Note: The example assumes you place PCM in a directory at path_to/pcm. Adjust path_to/pcm to the actual location on your machine before starting the server.
## Additional notes and practical usage
PCM provides a comprehensive suite of analysis tools. You can decompile functions, disassemble code, manage variable types and prototypes, rename locals or functions, create structure types, and attach notes to any address or function. Use these capabilities to build automated analysis workflows that suit your reverse-engineering needs.
- Get a function by name with `get_function_by_name(name)`
- Find a function by address with `get_function_by_address(address)`
- List all functions in the database with `list_functions()`
- Decompile a function with `decompile_function(address)`
- Disassemble a function with `disassemble_function(address)`
- Work with entrypoints using `get_entrypoints()`
- Inspect function blocks via `get_function_blocks(address)` and see the CFG with `get_function_cfg(address)`
- Explore cross references using `get_xrefs_to(address)` and `get_xrefs_from(address)`
- Annotate code with `set_decompiler_comment(address, comment)` and `set_disassembly_comment(address, comment)`
- Rename a local variable with `rename_local_variable(function_address, old_name, new_name)` and rename a function with `rename_function(function_address, new_name)`
- Set function prototypes with `set_function_prototype(function_address, prototype)` and adjust local variable types with `set_local_variable_type(function_address, variable_name, new_type)`
- Create and manage structure types with `create_structure_type(name, members, is_union)`
- Query metadata via `get_metadata()`
- Run IDAPython code through `repl_idapython(content)`
- Add and manage analysis notes with `add_note`, `update_note`, `get_notes`, and `delete_note`
## Security and maintenance
Keep PCM up to date and run it in a controlled environment. If you enable network access for the MCP server, ensure only trusted clients can connect and that all interactions are properly authenticated and logged.
## Available tools
### get\_function\_by\_name
Retrieve a function object by its textual name, enabling targeted analysis and navigation.

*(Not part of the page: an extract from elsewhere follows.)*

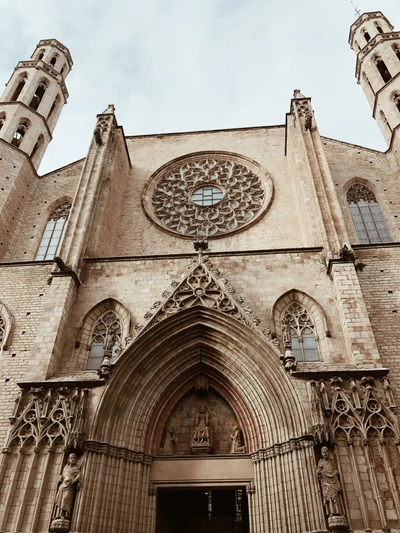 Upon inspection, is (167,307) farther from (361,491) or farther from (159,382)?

### get\_function\_by\_address
Fetch a function using its memory address for precise inspection.
### get\_current\_address
Return the address currently selected by the user in the analysis session.

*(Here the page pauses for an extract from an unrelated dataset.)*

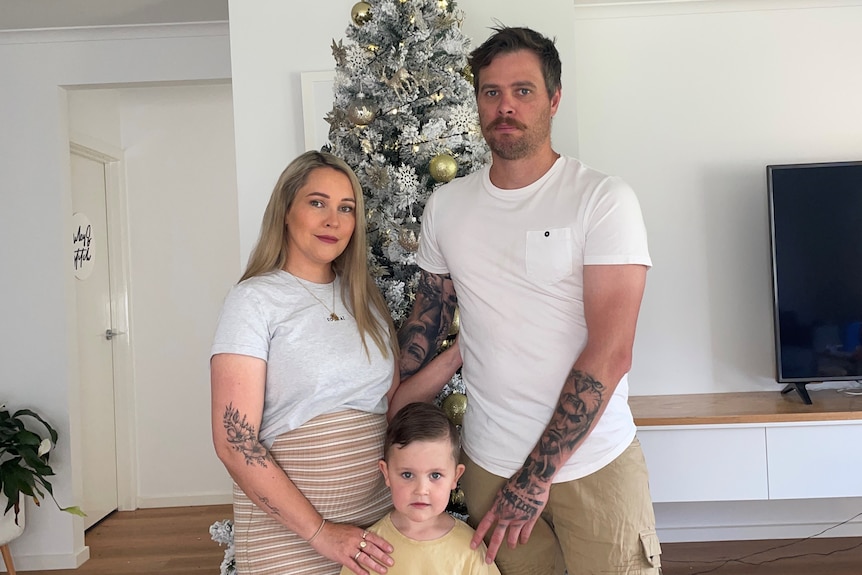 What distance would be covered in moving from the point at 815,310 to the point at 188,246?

### get\_current\_function
Get the function that is currently active or selected.
### list\_functions
List all known functions stored in the analysis database for quick reference.
### decompile\_function
Decompile the function at the given address using the available decompiler backend.
### disassemble\_function
Produce assembly listing for the function, including addresses and comments.
### get\_entrypoints
Return all entrypoint addresses detected in the binary.
### get\_function\_blocks
Retrieve all basic blocks that belong to a specific function.
### get\_function\_cfg
Generate a control flow graph for a function to visualize its structure.
### get\_xrefs\_to
Find all cross-references that point to a given address.
### get\_xrefs\_from
Find all cross-references originating from a given address.

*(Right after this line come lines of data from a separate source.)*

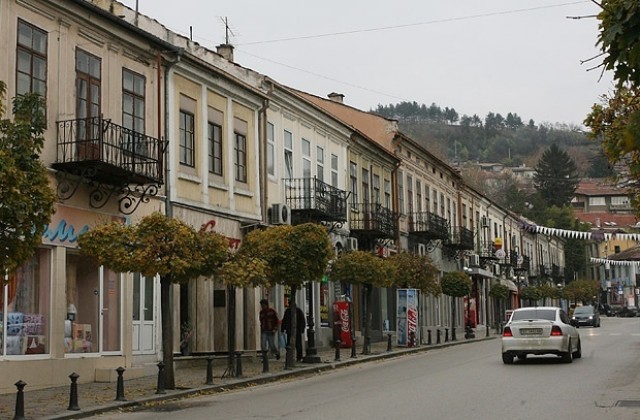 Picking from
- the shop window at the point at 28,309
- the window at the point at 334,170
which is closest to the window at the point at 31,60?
the shop window at the point at 28,309

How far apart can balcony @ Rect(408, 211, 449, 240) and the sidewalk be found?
18.4m

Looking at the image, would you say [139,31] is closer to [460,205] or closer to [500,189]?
[460,205]

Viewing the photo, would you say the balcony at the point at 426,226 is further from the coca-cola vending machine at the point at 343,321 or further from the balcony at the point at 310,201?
the balcony at the point at 310,201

### set\_decompiler\_comment
Attach a comment to a specific address in the decompiled pseudocode.
### set\_disassembly\_comment
Attach a comment to a specific address in the disassembly view.
### rename\_local\_variable
Rename a local variable within a function to improve readability.
### rename\_function
Rename a function to reflect its purpose or behavior more clearly.
### set\_function\_prototype
Set or adjust the prototype for a function to match its signature.
### set\_local\_variable\_type
Set or update the type of a local variable inside a function.
### create\_structure\_type
Create a new structure type defined by a name and member layout.
### get\_metadata
Retrieve metadata about the current database or index.
### repl\_idapython
Execute IDAPython code and return results including stdout and stderr.
### add\_note
Add a new analysis note tied to a binary with optional tags.
### update\_note
Update an existing analysis note with new content or tags.
### get\_notes
Fetch analysis notes for a given binary MD5, address, or tag.
### delete\_note
Remove an existing analysis note by its identifier.